## [EXERCISE DATA]
• • • • • • •

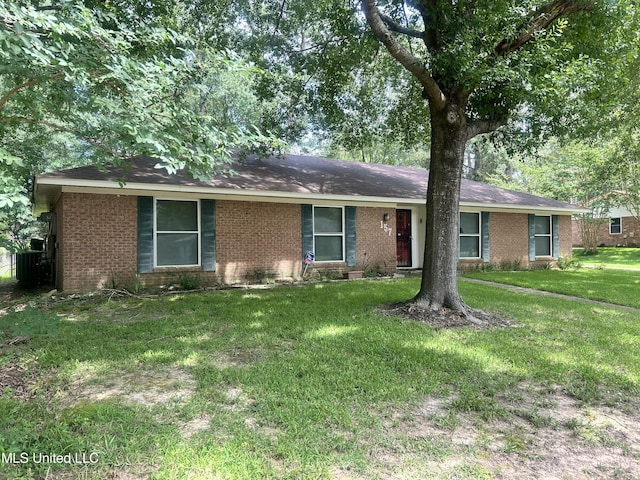 157 Fern Valley Rd, Brandon, MS 39042 - ranch-style home with brick siding, a front lawn, and a shingled roof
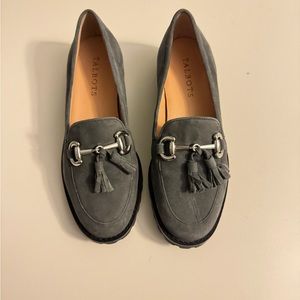 NEW Talbots gray suede lug sole loafers size 5.5
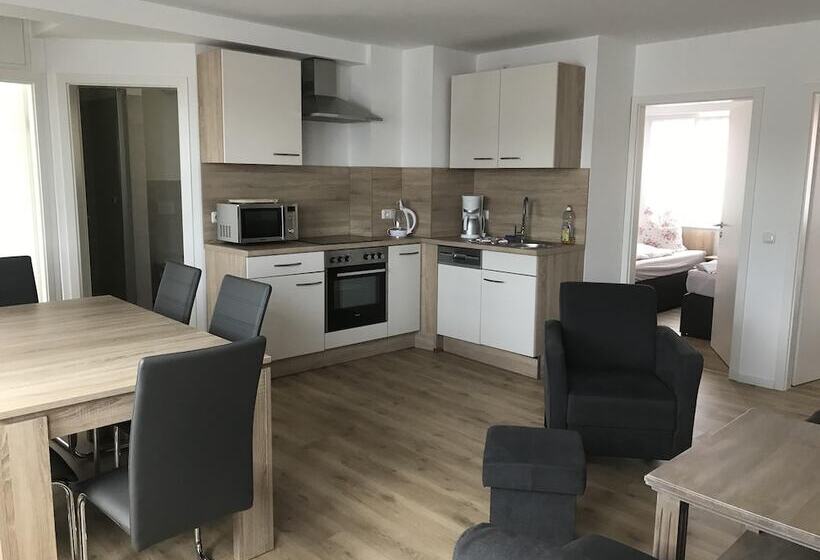 شقة غرفة واحدة, Pension Kaiser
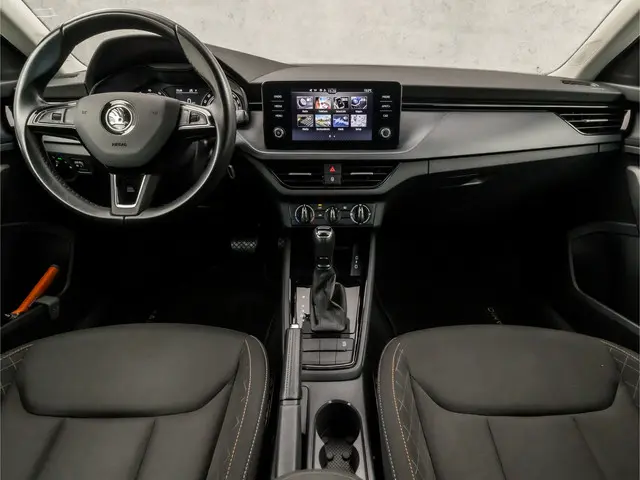 Škoda Kamiq 1.0 TSI Sport 2020 Benzine 6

• • • • • • •

## [INSTRUCTIONS TO FOLLOW]
After locating the line with "شقة غرفة واحدة, Pension Kaiser" in the listing above, transcribe it and every line after it to the last, exactly, with no pictures.

## [RESULT OF THIS TASK]
 شقة غرفة واحدة, Pension Kaiser
 Škoda Kamiq 1.0 TSI Sport 2020 Benzine 6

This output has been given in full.